== AIM OF THE EXERCISE ==
Pull each line with the string "words" from the entries.

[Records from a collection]
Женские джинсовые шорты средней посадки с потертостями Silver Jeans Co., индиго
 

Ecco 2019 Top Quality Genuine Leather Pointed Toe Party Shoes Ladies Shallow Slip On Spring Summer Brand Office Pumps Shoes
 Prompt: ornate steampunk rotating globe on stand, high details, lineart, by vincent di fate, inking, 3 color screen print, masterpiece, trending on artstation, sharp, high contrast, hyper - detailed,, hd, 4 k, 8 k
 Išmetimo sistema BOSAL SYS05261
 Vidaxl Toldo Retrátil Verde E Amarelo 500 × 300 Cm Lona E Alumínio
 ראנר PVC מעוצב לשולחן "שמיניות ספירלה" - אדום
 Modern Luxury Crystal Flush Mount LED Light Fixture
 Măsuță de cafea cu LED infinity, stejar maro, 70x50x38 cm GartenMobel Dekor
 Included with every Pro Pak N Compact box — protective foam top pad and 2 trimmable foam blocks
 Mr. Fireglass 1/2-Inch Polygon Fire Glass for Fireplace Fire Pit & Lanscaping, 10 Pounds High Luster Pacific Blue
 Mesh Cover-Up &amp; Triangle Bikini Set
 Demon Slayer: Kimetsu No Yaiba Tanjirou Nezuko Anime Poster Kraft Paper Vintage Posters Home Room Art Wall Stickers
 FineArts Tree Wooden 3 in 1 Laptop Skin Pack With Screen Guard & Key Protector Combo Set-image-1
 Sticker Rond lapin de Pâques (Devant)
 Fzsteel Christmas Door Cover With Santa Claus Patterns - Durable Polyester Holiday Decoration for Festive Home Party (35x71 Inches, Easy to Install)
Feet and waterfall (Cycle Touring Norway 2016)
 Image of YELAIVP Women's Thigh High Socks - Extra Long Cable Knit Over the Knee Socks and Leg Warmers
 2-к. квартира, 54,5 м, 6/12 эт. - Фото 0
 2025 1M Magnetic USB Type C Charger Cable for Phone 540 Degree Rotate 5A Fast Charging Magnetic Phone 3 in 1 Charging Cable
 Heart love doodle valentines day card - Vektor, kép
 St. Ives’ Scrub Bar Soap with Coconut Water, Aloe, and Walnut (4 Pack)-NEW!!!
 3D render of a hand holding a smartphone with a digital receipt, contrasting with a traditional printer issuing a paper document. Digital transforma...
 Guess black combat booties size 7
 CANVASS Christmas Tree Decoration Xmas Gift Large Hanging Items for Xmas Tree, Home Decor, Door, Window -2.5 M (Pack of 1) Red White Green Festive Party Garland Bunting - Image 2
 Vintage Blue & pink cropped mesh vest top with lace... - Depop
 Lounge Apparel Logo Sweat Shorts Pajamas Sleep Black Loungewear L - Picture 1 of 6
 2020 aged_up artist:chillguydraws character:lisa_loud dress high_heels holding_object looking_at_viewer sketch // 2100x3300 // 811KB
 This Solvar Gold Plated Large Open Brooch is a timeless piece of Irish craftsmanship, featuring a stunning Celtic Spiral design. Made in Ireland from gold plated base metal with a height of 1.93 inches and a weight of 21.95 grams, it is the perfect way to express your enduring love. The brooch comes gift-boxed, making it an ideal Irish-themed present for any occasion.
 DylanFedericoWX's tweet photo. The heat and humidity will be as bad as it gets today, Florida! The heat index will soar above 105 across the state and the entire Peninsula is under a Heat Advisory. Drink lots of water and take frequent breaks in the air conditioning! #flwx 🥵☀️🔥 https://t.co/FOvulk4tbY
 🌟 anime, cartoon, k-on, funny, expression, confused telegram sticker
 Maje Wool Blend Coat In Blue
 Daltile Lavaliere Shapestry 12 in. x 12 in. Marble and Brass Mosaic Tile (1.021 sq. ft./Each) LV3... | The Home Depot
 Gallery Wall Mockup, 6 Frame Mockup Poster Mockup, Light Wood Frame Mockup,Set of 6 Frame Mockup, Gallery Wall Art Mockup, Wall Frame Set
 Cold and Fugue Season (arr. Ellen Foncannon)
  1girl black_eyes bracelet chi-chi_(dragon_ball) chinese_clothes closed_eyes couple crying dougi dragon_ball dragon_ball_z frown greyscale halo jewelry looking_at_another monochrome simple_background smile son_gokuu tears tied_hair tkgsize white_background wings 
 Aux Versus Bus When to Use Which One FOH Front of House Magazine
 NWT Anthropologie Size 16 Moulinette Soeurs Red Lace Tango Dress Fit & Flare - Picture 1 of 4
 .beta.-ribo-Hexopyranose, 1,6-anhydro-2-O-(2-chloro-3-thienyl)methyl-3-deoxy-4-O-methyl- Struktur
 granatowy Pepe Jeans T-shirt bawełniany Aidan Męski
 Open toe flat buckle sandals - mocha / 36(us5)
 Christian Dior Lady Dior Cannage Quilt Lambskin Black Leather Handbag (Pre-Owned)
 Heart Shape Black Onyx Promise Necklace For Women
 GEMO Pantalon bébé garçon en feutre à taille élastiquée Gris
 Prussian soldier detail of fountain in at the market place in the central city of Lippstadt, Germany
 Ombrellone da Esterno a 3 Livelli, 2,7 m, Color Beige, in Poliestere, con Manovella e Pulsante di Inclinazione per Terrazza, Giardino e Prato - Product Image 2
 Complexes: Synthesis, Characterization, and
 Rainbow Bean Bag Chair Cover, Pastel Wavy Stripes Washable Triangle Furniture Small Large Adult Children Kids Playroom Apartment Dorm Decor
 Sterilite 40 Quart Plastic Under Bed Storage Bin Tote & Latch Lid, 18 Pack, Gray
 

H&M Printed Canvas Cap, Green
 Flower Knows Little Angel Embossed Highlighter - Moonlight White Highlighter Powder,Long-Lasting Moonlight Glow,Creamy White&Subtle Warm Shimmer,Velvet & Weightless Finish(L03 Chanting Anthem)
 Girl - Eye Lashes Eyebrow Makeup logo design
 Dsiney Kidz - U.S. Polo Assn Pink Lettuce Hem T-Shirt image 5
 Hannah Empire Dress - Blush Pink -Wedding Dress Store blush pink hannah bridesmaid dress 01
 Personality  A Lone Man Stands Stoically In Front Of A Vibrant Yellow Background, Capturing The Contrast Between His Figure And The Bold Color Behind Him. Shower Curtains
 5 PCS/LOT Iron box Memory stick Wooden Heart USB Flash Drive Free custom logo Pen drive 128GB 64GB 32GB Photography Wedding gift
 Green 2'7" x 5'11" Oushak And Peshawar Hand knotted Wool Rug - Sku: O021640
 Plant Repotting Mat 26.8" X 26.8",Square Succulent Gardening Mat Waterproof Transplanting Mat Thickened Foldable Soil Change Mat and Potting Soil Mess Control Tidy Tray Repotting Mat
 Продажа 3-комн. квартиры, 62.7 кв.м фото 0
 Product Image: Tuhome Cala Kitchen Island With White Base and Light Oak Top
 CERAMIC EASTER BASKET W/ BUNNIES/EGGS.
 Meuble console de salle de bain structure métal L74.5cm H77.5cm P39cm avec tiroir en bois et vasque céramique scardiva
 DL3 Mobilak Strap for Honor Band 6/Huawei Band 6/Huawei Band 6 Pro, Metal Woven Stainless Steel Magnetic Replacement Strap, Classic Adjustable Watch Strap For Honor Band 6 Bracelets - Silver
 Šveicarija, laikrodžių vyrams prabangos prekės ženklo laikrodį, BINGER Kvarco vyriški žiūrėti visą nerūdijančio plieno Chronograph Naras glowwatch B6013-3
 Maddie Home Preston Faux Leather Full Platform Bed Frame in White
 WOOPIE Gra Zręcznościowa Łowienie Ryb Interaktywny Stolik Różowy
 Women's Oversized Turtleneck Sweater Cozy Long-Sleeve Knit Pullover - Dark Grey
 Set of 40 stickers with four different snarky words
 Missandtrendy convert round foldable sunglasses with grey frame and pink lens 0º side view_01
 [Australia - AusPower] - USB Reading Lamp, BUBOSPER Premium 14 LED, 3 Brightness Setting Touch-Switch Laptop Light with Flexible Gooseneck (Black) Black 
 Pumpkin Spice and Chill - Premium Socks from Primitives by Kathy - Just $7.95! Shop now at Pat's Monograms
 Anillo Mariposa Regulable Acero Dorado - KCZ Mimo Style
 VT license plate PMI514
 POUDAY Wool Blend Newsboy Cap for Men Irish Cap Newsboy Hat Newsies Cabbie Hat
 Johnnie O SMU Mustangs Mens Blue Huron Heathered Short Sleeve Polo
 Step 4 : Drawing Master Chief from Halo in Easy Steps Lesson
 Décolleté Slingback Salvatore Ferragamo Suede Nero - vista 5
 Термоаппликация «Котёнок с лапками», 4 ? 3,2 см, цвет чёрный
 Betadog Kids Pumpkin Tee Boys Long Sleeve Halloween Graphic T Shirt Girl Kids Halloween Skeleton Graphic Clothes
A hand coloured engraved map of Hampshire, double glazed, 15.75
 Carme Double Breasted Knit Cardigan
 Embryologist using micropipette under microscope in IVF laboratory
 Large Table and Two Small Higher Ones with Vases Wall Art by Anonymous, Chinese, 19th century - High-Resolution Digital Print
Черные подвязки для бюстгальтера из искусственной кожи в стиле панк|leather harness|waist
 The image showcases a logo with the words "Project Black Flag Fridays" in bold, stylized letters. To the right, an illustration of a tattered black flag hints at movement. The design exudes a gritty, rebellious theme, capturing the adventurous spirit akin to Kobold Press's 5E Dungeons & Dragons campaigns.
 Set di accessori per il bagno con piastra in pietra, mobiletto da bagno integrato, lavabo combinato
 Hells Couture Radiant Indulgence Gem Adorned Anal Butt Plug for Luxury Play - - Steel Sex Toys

== ANSWER SPACE ==
 Set of 40 stickers with four different snarky words
 The image showcases a logo with the words "Project Black Flag Fridays" in bold, stylized letters. To the right, an illustration of a tattered black flag hints at movement. The design exudes a gritty, rebellious theme, capturing the adventurous spirit akin to Kobold Press's 5E Dungeons & Dragons campaigns.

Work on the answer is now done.